Authors: Kurt Barry (kmbarry1)

Status: Resolved

Summary: The End module orchestrates the global settlement of the Maker Protocol after an Emergency Shutdown. Its primary responsibility is allowing the redemption of DAI for approximately 1 USD of backing collateral. As part of running simulation tests against mainnet state in preparation for the upgrade to LIQ-2.0 on Friday, April 16th, a bug was discovered that would have prevented the autonomous completion of the End process. Specifically, a numeric overflow would cause a revert when calculating the amount of a given collateral to disburse per DAI in End.flow(). The exact condition to trigger this is that the amount of a collateral needed to cover the DAI it backs exceeds approximately 115,792. In particular, this was the case for the ETH-A collateral type, which backed the largest amount of DAI of any collateral at the time. The End process would be unable to proceed for any overflowing collateral type and thus that particular collateral could not be permissionlessly distributed.

Impact: Liquidations 2.0 launch was delayed for a few days while a fix was developed.

Root Causes: When MCD was designed and implemented, the overflow potential of a multiplication of a ray and a rad was overlooked. The pre-launch audits found several such issues, and a few months post-launch, a ray * rad overflow forced an upgrade of the Cat contract. Motivated by these findings, a task was created on 2020-09-09 to audit all multiplications in MCD. This task was marked complete on 2021-01-05. However, that internal code audit failed to catch the specific multiplication that led to this postmortem. Beyond “fallability of human auditing”, the cause of this mistake is conjectured to be because this overflow occurred as a result of a precision boost within a safe math function, introducing a non-locality in deducing correct behavior (i.e. a need to consider multiple code sites at once when deciding on safety).

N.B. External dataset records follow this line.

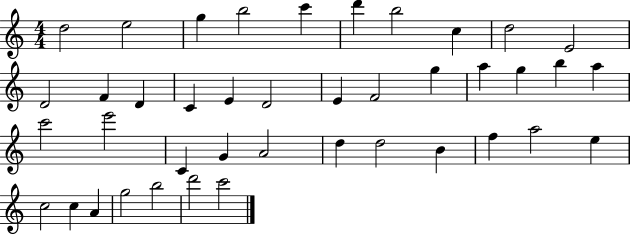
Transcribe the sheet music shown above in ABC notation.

X:1
T:Untitled
M:4/4
L:1/4
K:C
d2 e2 g b2 c' d' b2 c d2 E2 D2 F D C E D2 E F2 g a g b a c'2 e'2 C G A2 d d2 B f a2 e c2 c A g2 b2 d'2 c'2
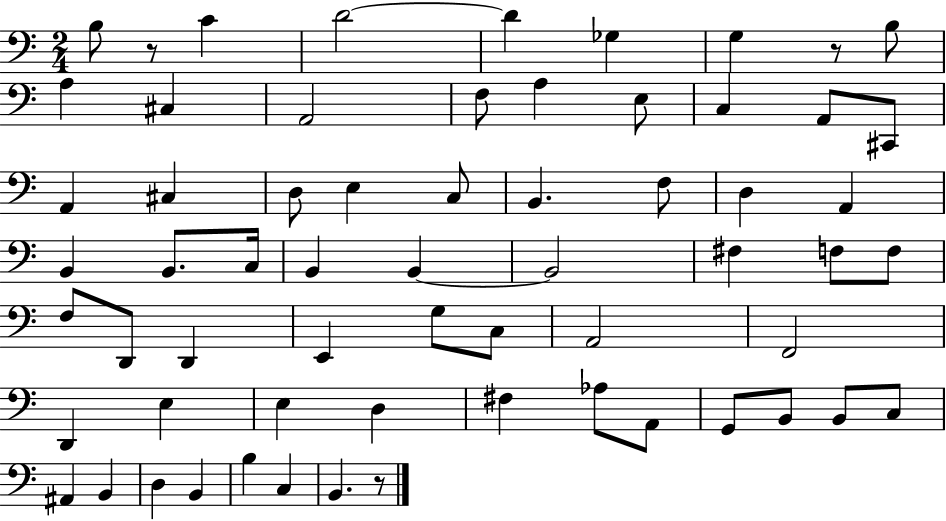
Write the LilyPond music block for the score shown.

{
  \clef bass
  \numericTimeSignature
  \time 2/4
  \key c \major
  b8 r8 c'4 | d'2~~ | d'4 ges4 | g4 r8 b8 | \break a4 cis4 | a,2 | f8 a4 e8 | c4 a,8 cis,8 | \break a,4 cis4 | d8 e4 c8 | b,4. f8 | d4 a,4 | \break b,4 b,8. c16 | b,4 b,4~~ | b,2 | fis4 f8 f8 | \break f8 d,8 d,4 | e,4 g8 c8 | a,2 | f,2 | \break d,4 e4 | e4 d4 | fis4 aes8 a,8 | g,8 b,8 b,8 c8 | \break ais,4 b,4 | d4 b,4 | b4 c4 | b,4. r8 | \break \bar "|."
}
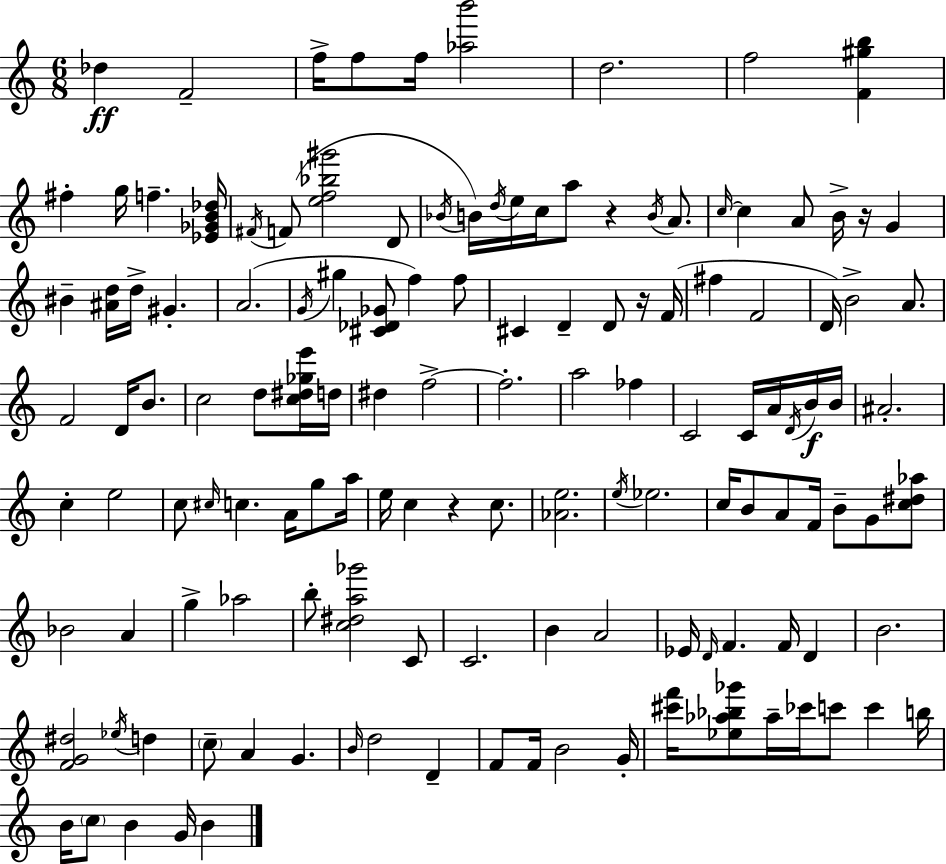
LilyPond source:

{
  \clef treble
  \numericTimeSignature
  \time 6/8
  \key c \major
  \repeat volta 2 { des''4\ff f'2-- | f''16-> f''8 f''16 <aes'' b'''>2 | d''2. | f''2 <f' gis'' b''>4 | \break fis''4-. g''16 f''4.-- <ees' ges' b' des''>16 | \acciaccatura { fis'16 } f'8( <e'' f'' bes'' gis'''>2 d'8 | \acciaccatura { bes'16 } b'16) \acciaccatura { d''16 } e''16 c''16 a''8 r4 | \acciaccatura { b'16 } a'8. \grace { c''16~ }~ c''4 a'8 b'16-> | \break r16 g'4 bis'4-- <ais' d''>16 d''16-> gis'4.-. | a'2.( | \acciaccatura { g'16 } gis''4 <cis' des' ges'>8 | f''4) f''8 cis'4 d'4-- | \break d'8 r16 f'16( fis''4 f'2 | d'16) b'2-> | a'8. f'2 | d'16 b'8. c''2 | \break d''8 <c'' dis'' ges'' e'''>16 d''16 dis''4 f''2->~~ | f''2.-. | a''2 | fes''4 c'2 | \break c'16 a'16 \acciaccatura { d'16 }\f b'16 b'16 ais'2.-. | c''4-. e''2 | c''8 \grace { cis''16 } c''4. | a'16 g''8 a''16 e''16 c''4 | \break r4 c''8. <aes' e''>2. | \acciaccatura { e''16 } ees''2. | c''16 b'8 | a'8 f'16 b'8-- g'8 <c'' dis'' aes''>8 bes'2 | \break a'4 g''4-> | aes''2 b''8-. <c'' dis'' a'' ges'''>2 | c'8 c'2. | b'4 | \break a'2 ees'16 \grace { d'16 } f'4. | f'16 d'4 b'2. | <f' g' dis''>2 | \acciaccatura { ees''16 } d''4 \parenthesize c''8-- | \break a'4 g'4. \grace { b'16 } | d''2 d'4-- | f'8 f'16 b'2 g'16-. | <cis''' f'''>16 <ees'' aes'' bes'' ges'''>8 aes''16-- ces'''16 c'''8 c'''4 b''16 | \break b'16 \parenthesize c''8 b'4 g'16 b'4 | } \bar "|."
}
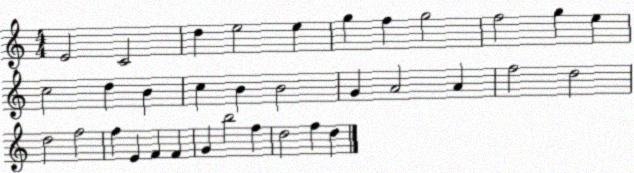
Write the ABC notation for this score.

X:1
T:Untitled
M:4/4
L:1/4
K:C
E2 C2 d e2 e g f g2 f2 g e c2 d B c B B2 G A2 A f2 d2 d2 f2 f E F F G b2 f d2 f d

Extensive testing was performed on the Emergency Shutdown process–not only using unit tests, but also using the cage keeper on a private testnet and the public kovan testchain, and manually on mainnet on a secret pre-launch deployment of MCD. However, none of the tests used amounts of DAI and collateral large enough to trigger this bug.

Trigger: Emergency Shutdown when more than a certain amount of a collateral is reserved for disbursment based on its price, the amount of DAI it backs, and the collateralization levels of associated Vaults.

Resolution: The overflowing calculation was restructured such that much larger collateral amounts could be gracefully handled with minimal accuracy degradation. A new End contract with this change was deployed and included in the executive spell that added Liquidations 2.0. This spell executed on Apr 26 2021 14:02 UTC, fully resolving the issue.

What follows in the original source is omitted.